Friday, October 18, 2013

The Science of Demand (11) - Unofficial Translation of Steven Cheung's 经济解释 - 科学说需求


To say a person would consistently make predictable choice – the first postulate in economics – is already a restraint. But a supplement is required: since this restraining force is insufficient, we need to incorporate other essential restraints. The second postulate is: the behavior of every individual is for self-interest! That is, every individual would, under constraints, maximize his self-interest. Irrespective of diligence, rest, deceit, donation … the starting point is all self-interest.

Postulate is not arguable, and whether mankind per se is selfish is irrelevant: of essence is not how mankind is (this is the domain of psychology, physiology, or philosophy), rather it is how we assume mankind is. A question then arises. If we say deceit, donation … are all selfish behavior, will all behavior become not refutable by facts or other behavior simply by this “selfish” reason? The original aim is to restrain behavior, yet in the end there are no restraints at all, so how can it be justified? This is a good question. The answer is: if we randomly say any behavior is selfish, like a tautology that can never be falsified, then this selfish postulate will be devoid of content and application. But if we can assert certain constraint to specify that under certain circumstances a person would for self-interest make a certain choice, and any change in this constraint will lead to an inevitable change in certain behavior, then this is a different story.

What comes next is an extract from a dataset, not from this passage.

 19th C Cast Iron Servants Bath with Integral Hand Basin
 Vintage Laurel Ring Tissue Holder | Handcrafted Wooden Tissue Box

For instance, donating for no reason, or helping a friend, has no connections with self-interest and therefore cannot be explained. But if we say, under certain constraint, the cost of donation is relatively low, or the gain relatively high, then donation activity will increase. As such, this selfish postulate becomes greatly useful. I can quote a few examples. More than twenty years ago, the son of Deng Xiaoping, Deng Pufang, came to Hong Kong and raised more than HK$50 million in donations at one sweep. Yet my son has no such prowess. If the donors donated just for donation’s sake, then regardless of how incapable my son was, why did they mark the occasion instead of quietly sending checks to charities? Someone might argue that “anonymous” donors do exist. Yet why does donation activity increase when donation is tax-deductible? How does compassion arise? Where does the “cause and effect” in “kindness gets rewarded” come from?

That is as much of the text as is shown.